1. A single-ended speech quality measurement method comprising the steps of:

for each frame of a plurality of frames containing a speech signal that has been processed by network equipment, transmitted on a communications link, or both: extracting perceptual features; and classifying the frame based on the perceptual features into a class selected from a set of classes including voiced and unvoiced; and

for the frames of each class: assessing the perceptual features with a statistical model of that class to generate an indicator of speech quality, the statistical model of that class being part of a reference model which includes at least one statistical model for each class of the set of classes, the reference model generated prior to extracting the perceptual features to form indicators of speech quality, including assessing at least some unvoiced frames; and

employing the indicators of speech quality from different classes to produce an estimate of subjective speech quality score without reference to a corresponding speech signal that has not been processed by network equipment, transmitted on a communications link, or both.

2. The method of claim 1 including the further step of separately modeling a probability distribution of the features for each frame class and different classes of speech signals with statistical models.

3. The method of claim 2 wherein the classes include inactive.

4. The method of claim 2 including the further step of calculating a consistency measure indicative of speech quality for each class separately with a plurality of statistical models.

5. The method of claim 4 including the further step of employing the consistency measures to obtain an estimate of subjective scores.

6. The method of claim 5 including the further step of mapping the consistency measures to a speech quality score using a mapping comprising Multivariate Adaptive Regression Splines.

7. The method of claim 1 wherein the perceptual features are assessed with Gaussian Mixture Models to form indicators of speech quality.

8. Apparatus operable to provide a single-end speech quality Measurement, comprising:

a feature extraction module which extracts, frame-by-frame, perceptual features from a received speech signal that has been processed by network equipment, transmitted on a communications link, or both;

a time segmentation module which classifies each frame based on the perceptual features into a class selected from a set of classes including voiced and unvoiced;

a statistical reference model generated prior to extraction of the perceptual features, the reference model including at least one statistical model for each class of the set of classes;

a consistency calculation module which, for the frames of each class, operates in response to output from the feature extraction module to assess the perceptual features with a statistical model of that class to form indicators of subjective speech quality without reference to a corresponding speech signal that has not been processed by network equipment, transmitted on a communications link, or both, including assessing at least some unvoiced frames; and

a scoring module which employs the indicators of speech quality from different classes to produce a speech quality score without reference to a corresponding speech signal that has not been processed by network equipment, transmitted on a communications link, or both.
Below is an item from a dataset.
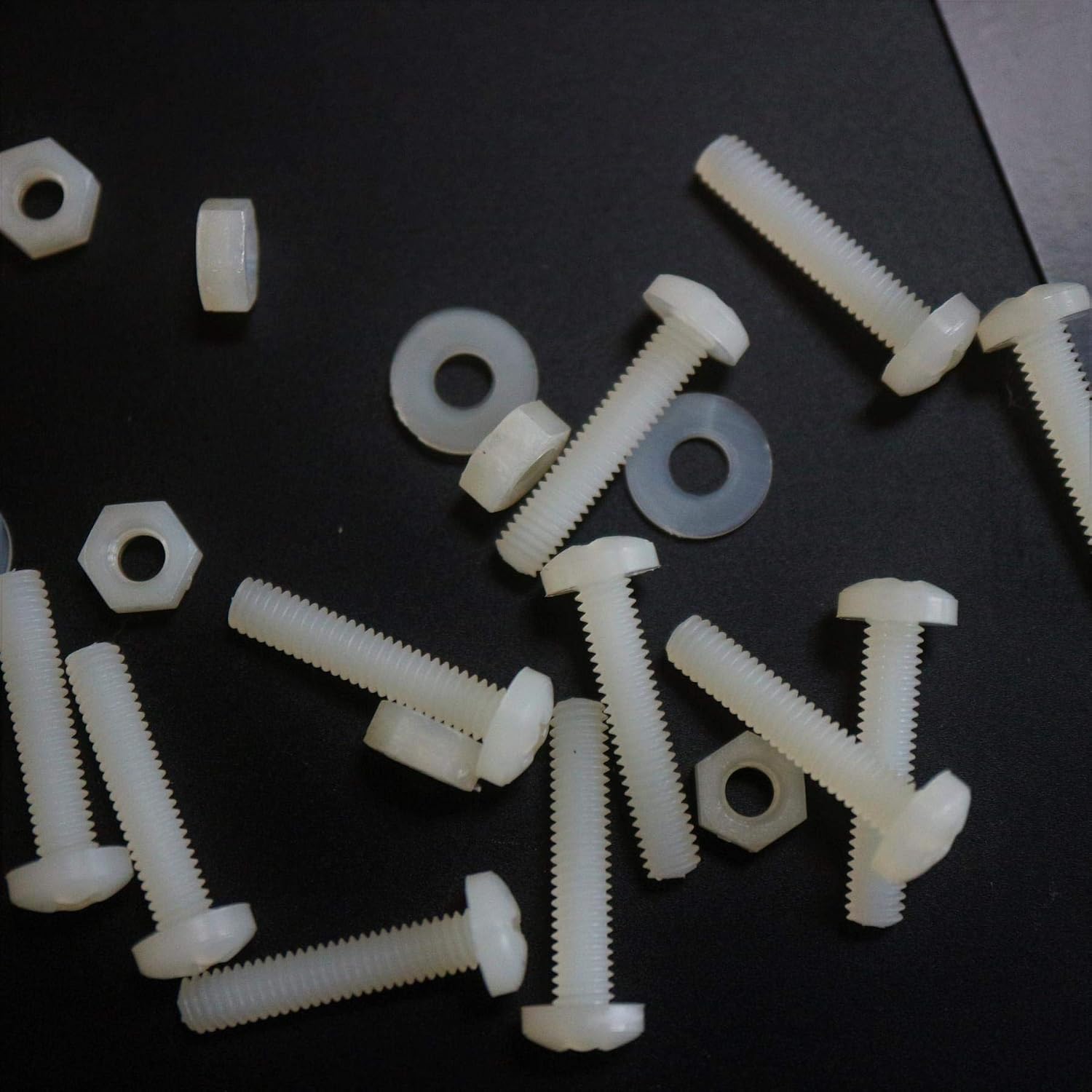 50 x Nylon Pan Head, Crosshead Plastic Machine Screws, M3 x 20mm, Plastic Bolts, Nuts & Washers, Natural - Image 4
9. The apparatus of claim 8 wherein the consistency calculation module is further operable to separately model a probability distribution of the features for each class and different classes of speech signals with the statistical models.

10. The Apparatus of claim 9 wherein the classes include inactive.

11. The apparatus of claim 9 wherein the consistency calculation module is further operable to calculate a consistency measure indicative of speech quality for each class separately with a plurality of Gaussian Mixture Models.

12. The apparatus of claim 11 further including a mapping module operable to employ the consistency measures to obtain an estimate of subjective scores.

13. The apparatus of claim 12 wherein the mapping module employs a mapping optimized using Multivariate Adaptive Regression Splines.

14. The apparatus of claim 8 wherein the statistical reference model includes Gaussian Mixture Models.